Il celebre elefante che domina sulla città e nei cuori dei catanesi cela l'incredibile leggenda di un uomo che rinnegò la sua fede per abbracciare la magia e le arti oscure

  • 16 marzo 2020

U Liotru di Catania

È risaputo che l'Elefante sia il simbolo della città di Catania, ma non tutti sono a conoscenza delle storie e delle leggende che vi si celano dietro, in particolare una che svela le origini del nome con cui lo chiamano i catanesi: u Liotru.

Nell'immaginario di un intero popolo campeggia da secoli una figura stravagante e misteriosa a metà tra verità e finzione, degna dei migliori racconti fantasy: parliamo del mago Eliodoro, chiamato anche Diodoro, Liodoro, Lidoro o Teodoro. Nomi che per inflessione dialettale si sono ridotti a Liotru, appunto.

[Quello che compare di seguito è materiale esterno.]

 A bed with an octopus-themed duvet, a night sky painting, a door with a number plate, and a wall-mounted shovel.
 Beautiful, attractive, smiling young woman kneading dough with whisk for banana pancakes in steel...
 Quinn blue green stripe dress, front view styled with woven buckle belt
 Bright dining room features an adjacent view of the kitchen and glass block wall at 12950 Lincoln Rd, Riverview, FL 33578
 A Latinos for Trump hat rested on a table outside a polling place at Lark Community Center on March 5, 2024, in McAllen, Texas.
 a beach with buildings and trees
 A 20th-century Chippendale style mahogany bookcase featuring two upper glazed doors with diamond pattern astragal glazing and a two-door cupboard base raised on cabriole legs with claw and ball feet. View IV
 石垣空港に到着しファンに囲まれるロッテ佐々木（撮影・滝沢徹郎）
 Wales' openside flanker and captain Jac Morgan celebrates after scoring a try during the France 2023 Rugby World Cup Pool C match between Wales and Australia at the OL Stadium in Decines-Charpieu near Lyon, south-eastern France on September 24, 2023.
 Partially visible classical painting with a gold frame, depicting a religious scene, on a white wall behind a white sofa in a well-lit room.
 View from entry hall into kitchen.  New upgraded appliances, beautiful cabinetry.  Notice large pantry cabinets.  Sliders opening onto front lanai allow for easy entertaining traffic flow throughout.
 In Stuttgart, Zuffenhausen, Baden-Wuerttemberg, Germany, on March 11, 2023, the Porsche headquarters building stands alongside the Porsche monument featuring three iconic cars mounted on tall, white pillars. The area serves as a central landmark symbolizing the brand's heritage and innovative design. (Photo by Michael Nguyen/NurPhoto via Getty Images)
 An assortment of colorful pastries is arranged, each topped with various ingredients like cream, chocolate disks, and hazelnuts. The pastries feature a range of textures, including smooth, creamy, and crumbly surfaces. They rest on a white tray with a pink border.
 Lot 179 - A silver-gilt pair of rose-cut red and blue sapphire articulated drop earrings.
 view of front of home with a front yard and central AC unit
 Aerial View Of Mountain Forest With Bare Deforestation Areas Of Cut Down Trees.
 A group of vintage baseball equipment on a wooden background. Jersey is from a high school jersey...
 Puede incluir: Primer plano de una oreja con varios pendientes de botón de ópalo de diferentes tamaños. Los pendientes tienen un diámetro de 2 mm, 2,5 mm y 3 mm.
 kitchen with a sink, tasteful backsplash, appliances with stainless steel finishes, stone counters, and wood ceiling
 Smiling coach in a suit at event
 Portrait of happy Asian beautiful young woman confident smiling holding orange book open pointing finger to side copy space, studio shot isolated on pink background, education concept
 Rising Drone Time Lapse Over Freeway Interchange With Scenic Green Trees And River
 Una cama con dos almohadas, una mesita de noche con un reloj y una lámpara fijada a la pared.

Eliodoro è un personaggio realmente esistito nell'Ottavo secolo, quando Catania era sotto la giurisdizione dell'Impero Romano d'Oriente. Apparteneva alla nobiltà e inizialmente fu un fervente cattolico, tanto da essere in lizza per la carica di nuovo vescovo della Diocesi cittadina.

È da qui che la storia prende una piega inaspettata: si racconta che Eliodoro incontrò per caso uno stregone di origine ebraica, che gli diede in dono un manoscritto contenente una "formula magica" per evocare il demonio.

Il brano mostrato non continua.